*DATASET EXTRACT:*
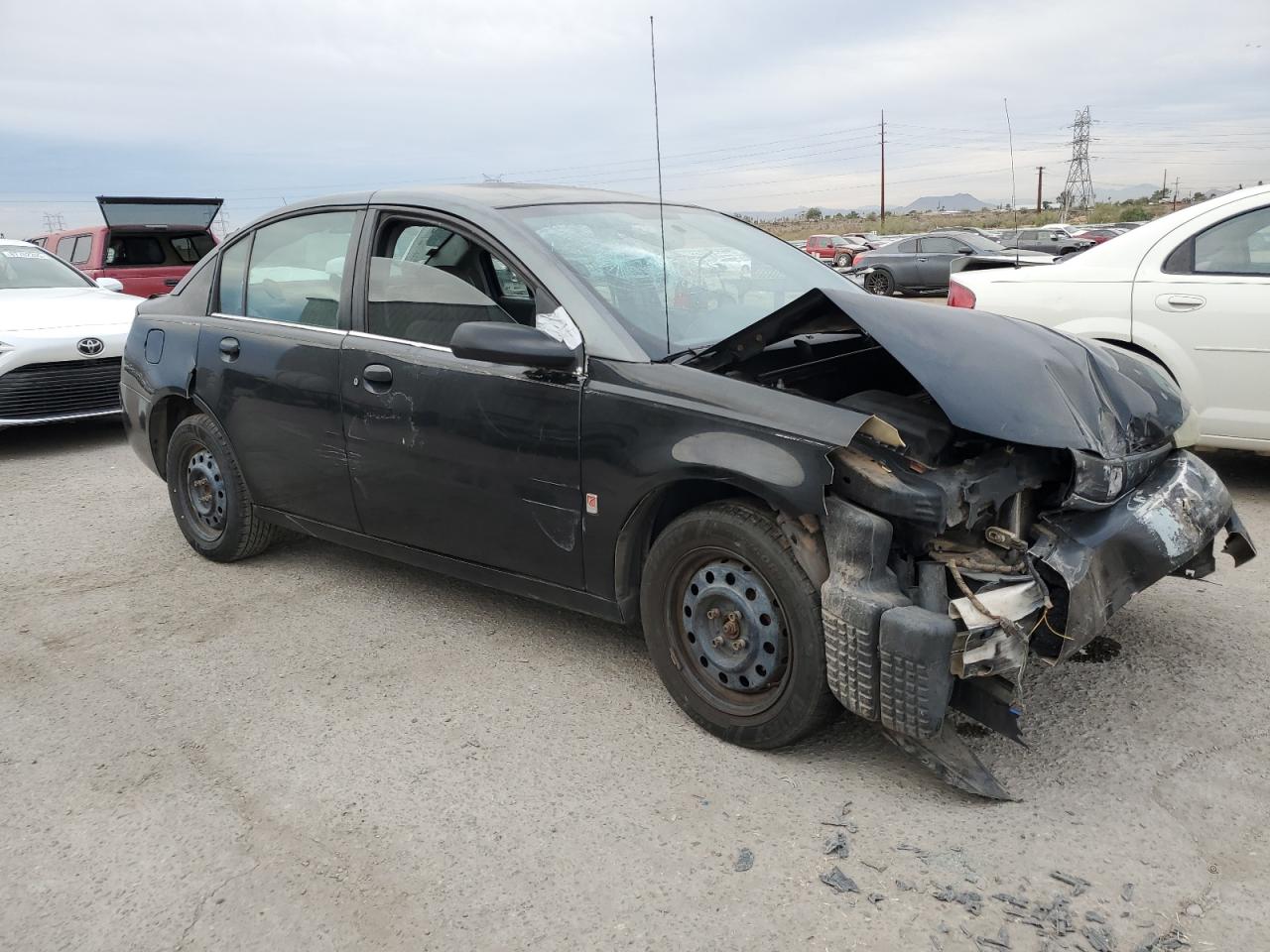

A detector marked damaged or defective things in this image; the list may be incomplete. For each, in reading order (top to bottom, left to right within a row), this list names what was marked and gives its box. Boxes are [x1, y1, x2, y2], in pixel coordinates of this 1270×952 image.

shattered windshield [502, 202, 853, 360]
dented hood [691, 286, 1183, 459]
damaged black car [121, 186, 1259, 796]
crumpled front bumper [1036, 449, 1254, 659]
cracked concrete ground [2, 420, 1270, 949]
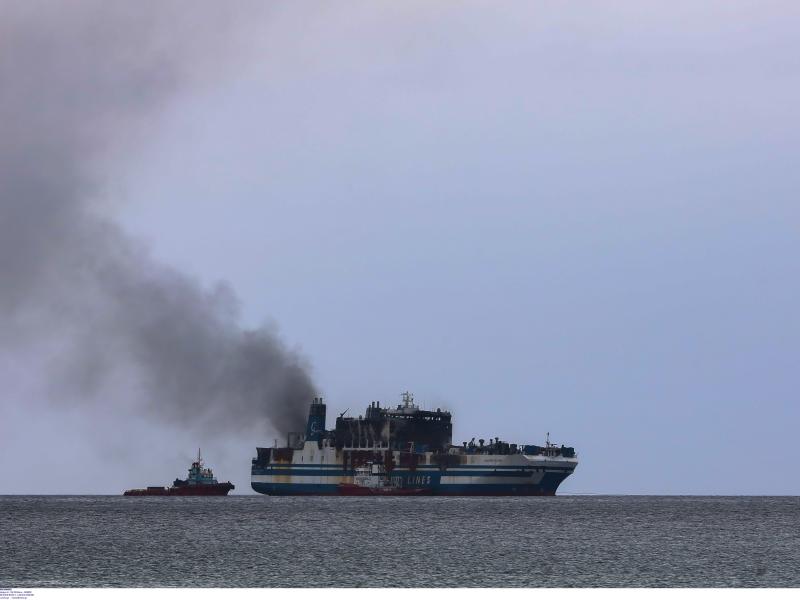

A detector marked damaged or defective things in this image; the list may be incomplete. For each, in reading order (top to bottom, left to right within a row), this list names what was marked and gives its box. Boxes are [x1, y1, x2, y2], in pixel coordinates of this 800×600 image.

charred superstructure [253, 392, 580, 494]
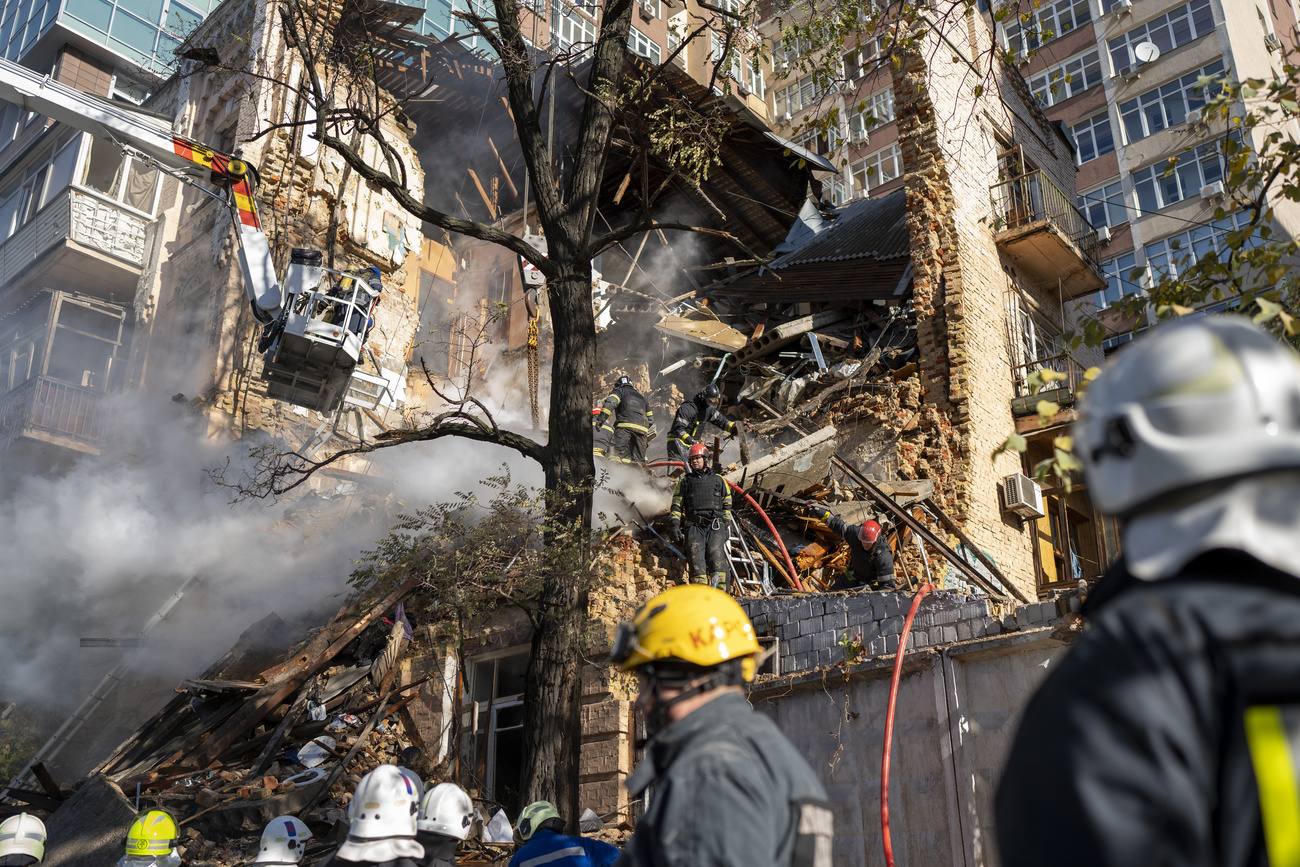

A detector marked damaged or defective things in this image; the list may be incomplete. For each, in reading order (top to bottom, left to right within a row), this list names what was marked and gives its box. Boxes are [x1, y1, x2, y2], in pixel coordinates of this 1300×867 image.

damaged balcony [992, 171, 1104, 300]
broken window [464, 652, 528, 820]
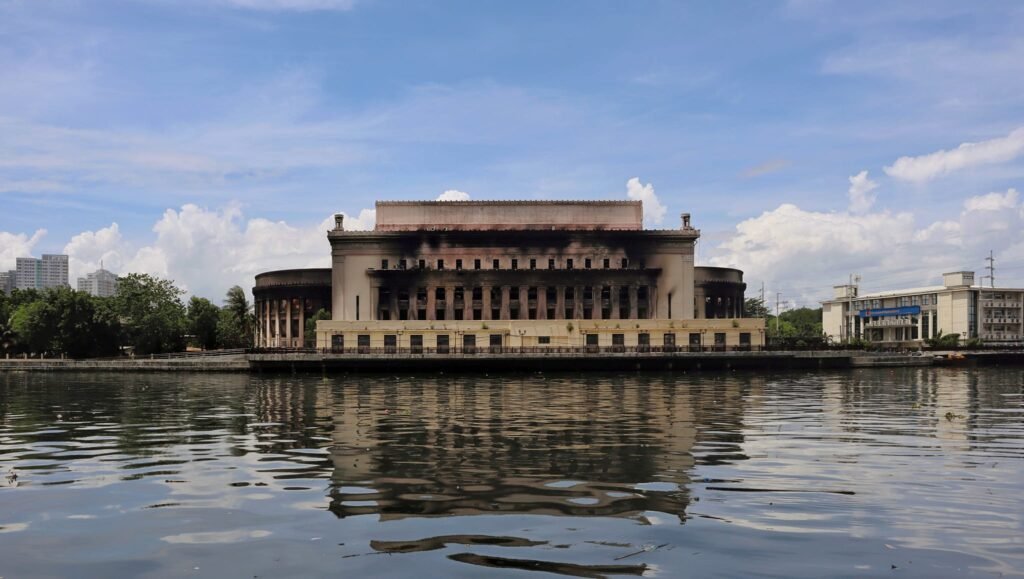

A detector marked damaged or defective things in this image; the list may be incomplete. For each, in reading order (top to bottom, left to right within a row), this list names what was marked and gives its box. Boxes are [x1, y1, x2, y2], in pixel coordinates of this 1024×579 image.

fire-damaged neoclassical building [252, 202, 756, 352]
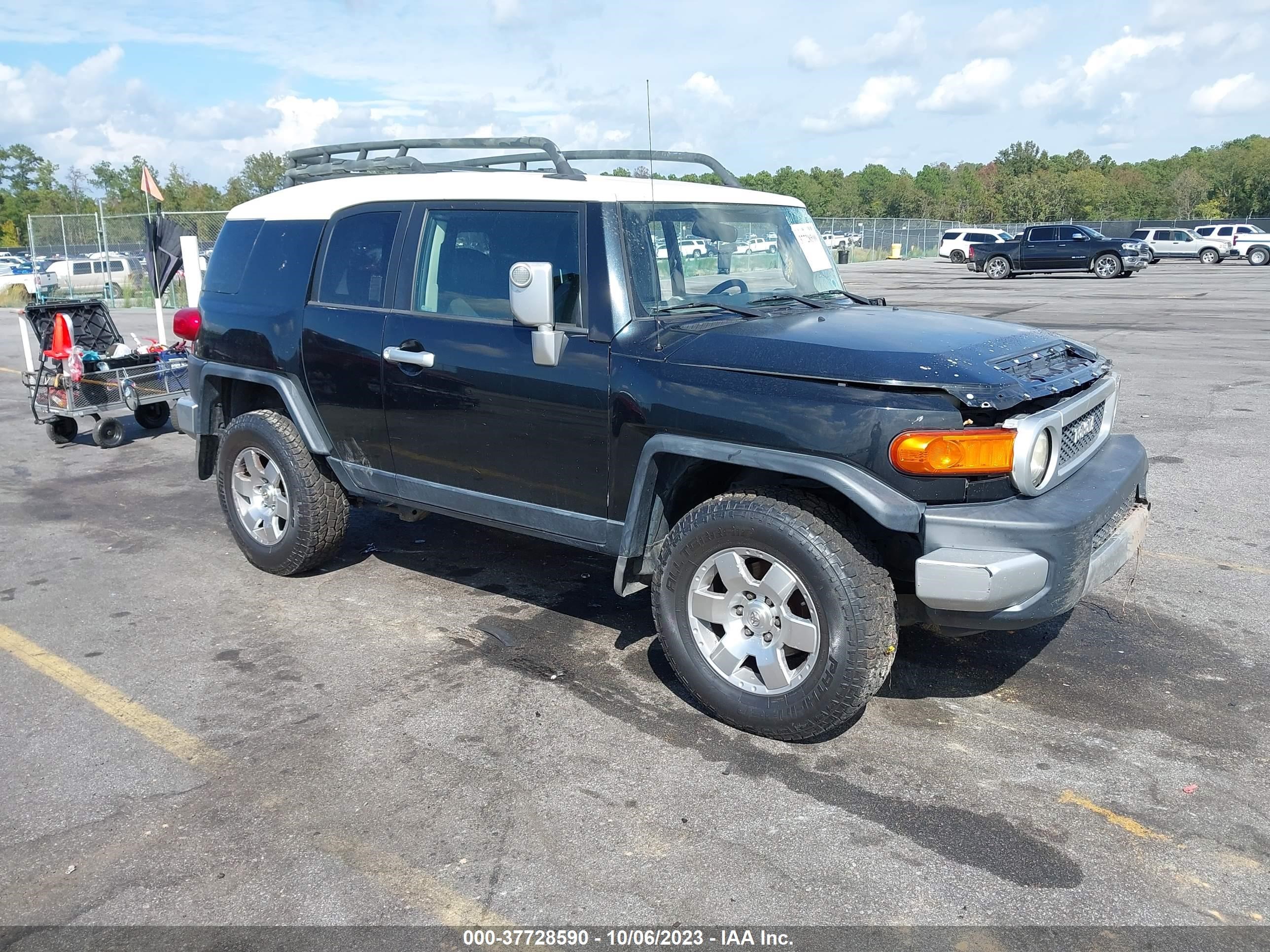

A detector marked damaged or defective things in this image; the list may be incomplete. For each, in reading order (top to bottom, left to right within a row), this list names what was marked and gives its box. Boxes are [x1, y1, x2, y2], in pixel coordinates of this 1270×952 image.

damaged hood [665, 306, 1112, 411]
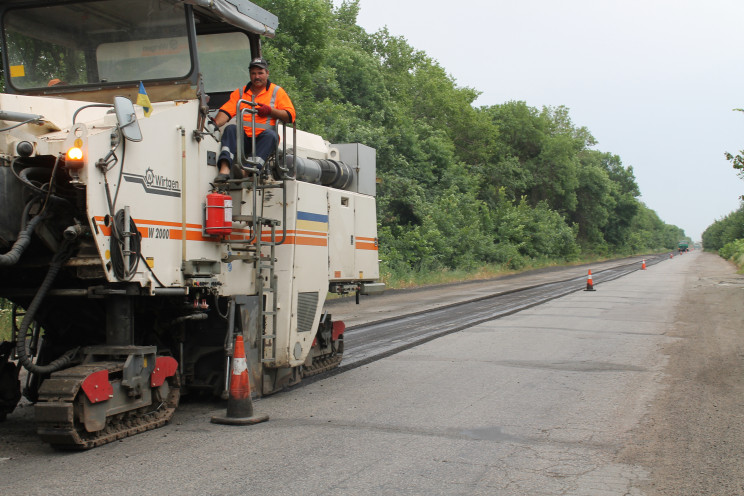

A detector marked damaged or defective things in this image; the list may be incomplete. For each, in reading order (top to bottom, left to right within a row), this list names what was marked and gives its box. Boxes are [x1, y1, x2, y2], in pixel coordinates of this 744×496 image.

cracked road surface [2, 254, 740, 494]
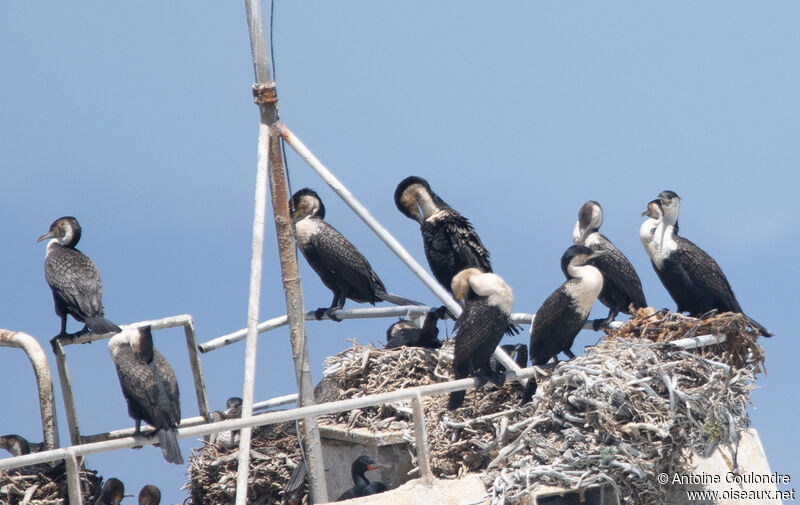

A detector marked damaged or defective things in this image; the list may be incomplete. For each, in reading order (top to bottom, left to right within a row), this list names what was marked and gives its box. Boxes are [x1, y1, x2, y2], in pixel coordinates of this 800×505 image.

rusty metal pole [239, 1, 326, 502]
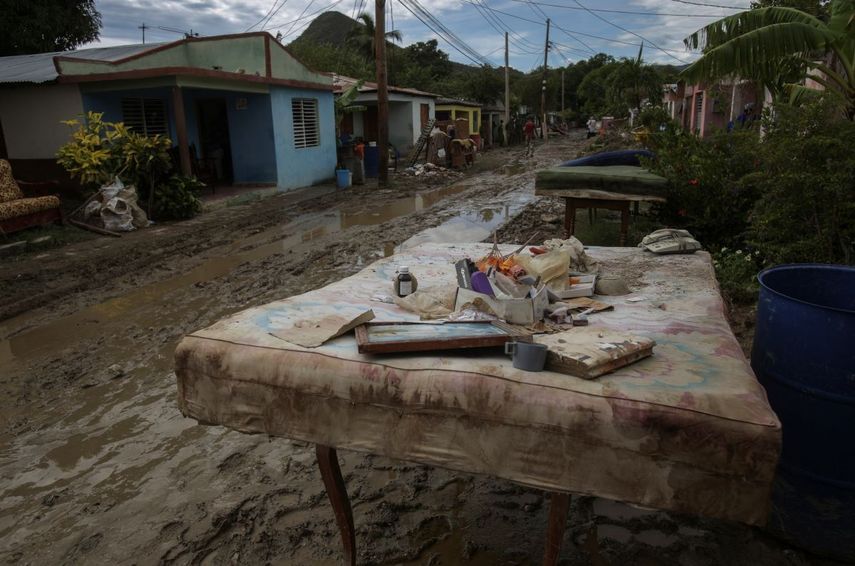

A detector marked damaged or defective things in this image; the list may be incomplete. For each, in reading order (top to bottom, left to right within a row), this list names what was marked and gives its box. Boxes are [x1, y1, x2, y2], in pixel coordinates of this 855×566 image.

damaged sofa [0, 160, 61, 235]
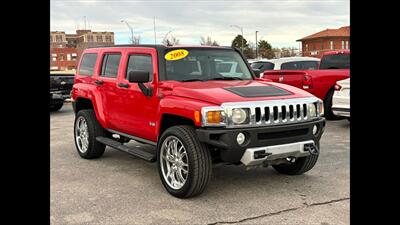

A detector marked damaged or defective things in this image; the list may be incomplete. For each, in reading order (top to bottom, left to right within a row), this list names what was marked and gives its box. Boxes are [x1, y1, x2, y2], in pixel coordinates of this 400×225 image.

pavement crack [208, 197, 348, 225]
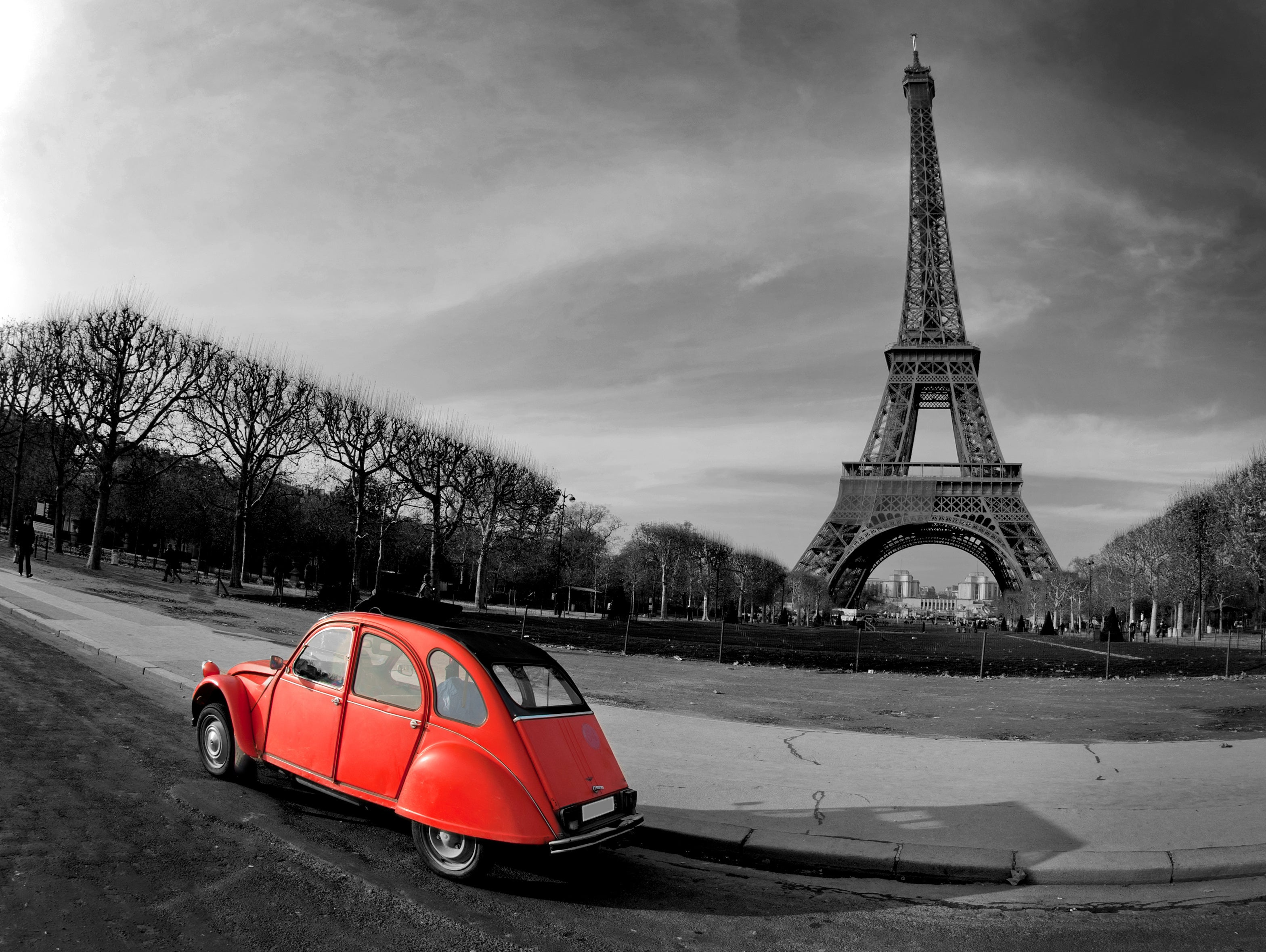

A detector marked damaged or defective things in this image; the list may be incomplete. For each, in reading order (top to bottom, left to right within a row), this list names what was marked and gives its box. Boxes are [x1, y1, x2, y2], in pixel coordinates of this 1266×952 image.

*WHAT YOU HAVE TO DO:* Without the pictures, restate each entry exactly.

*ANSWER SPACE:*
A detector marked damaged or defective things in this image; the list may be incomplete. For each, in reading order (top to bottom, left to right within a row), this list names what was marked and gives its box. Boxes are [x1, y1, x2, y2], in pixel coordinates of this 1270×952 image.

shattered windshield [502, 202, 853, 360]
dented hood [691, 286, 1183, 459]
damaged black car [121, 186, 1259, 796]
crumpled front bumper [1036, 449, 1254, 659]
cracked concrete ground [2, 420, 1270, 949]

A detector marked damaged or defective things in this image; the list may be incomplete. For each, in reading order (top to bottom, left to right within a row), this list names what was marked and gives its box. Boxes are [x1, y1, x2, y2], in pixel coordinates of this 800×600 image.

charred superstructure [253, 392, 580, 494]

A detector marked damaged or defective things in this image; the list may be incomplete. For each, in reading order (top to bottom, left to right within a row), this list names what was marked and gives its box. Boxes are [x1, y1, x2, y2], in pixel coordinates of this 1300×867 image.

damaged balcony [992, 171, 1104, 300]
broken window [464, 652, 528, 820]

A detector marked damaged or defective things in this image; the list may be incomplete. For each, in reading order (top to bottom, left to right within a row), this list names what was marked and gives its box. Boxes are [x1, y1, x2, y2], in pixel coordinates of this 1024×579 image.

fire-damaged neoclassical building [252, 202, 756, 352]

A detector marked damaged or defective things in this image; the list may be incomplete. For each, in reading order (top to bottom, left to right within a row), this list names what was marked and gives its box. Boxes are [x1, y1, x2, y2], in pixel coordinates of this 1270×952 image.

damaged hood [665, 306, 1112, 411]

A detector marked damaged or defective things in this image; the list may be incomplete. For each, in reading order (top to bottom, left to right within a row), this list names what was marked and gives its box. Boxes are [x1, y1, x2, y2], in pixel coordinates of this 744×496 image.

cracked road surface [2, 254, 740, 494]

A detector marked damaged or defective things in this image; the list may be incomplete. For each, in reading order (top to bottom, left to right within a row), this list names what was marked and gives its box. Boxes are [x1, y1, x2, y2], in pixel coordinates of this 800×505 image.

rusty metal pole [239, 1, 326, 502]

A detector marked damaged or defective things in this image; the list may be incomplete. For each, in reading order (top to bottom, left to right within a row), this list names what was marked and gives its box. Boxes are [x1, y1, x2, y2], in pixel coordinates of this 855×566 image.

damaged sofa [0, 160, 61, 235]

A detector marked damaged or defective things in this image; the list may be incomplete. For each, in reading order (top to bottom, left to right within a row), this list names what was marked and gives its box. Boxes are [x1, y1, x2, y2], in pixel coordinates of this 400×225 image.

pavement crack [208, 197, 348, 225]

A detector marked damaged or defective things in this image; the list may be incomplete. For each, in reading order (top to bottom, left to right within a row), this list names what was marked and gives its box. Boxes are [x1, y1, x2, y2], in pixel coordinates of this 1266×952 image.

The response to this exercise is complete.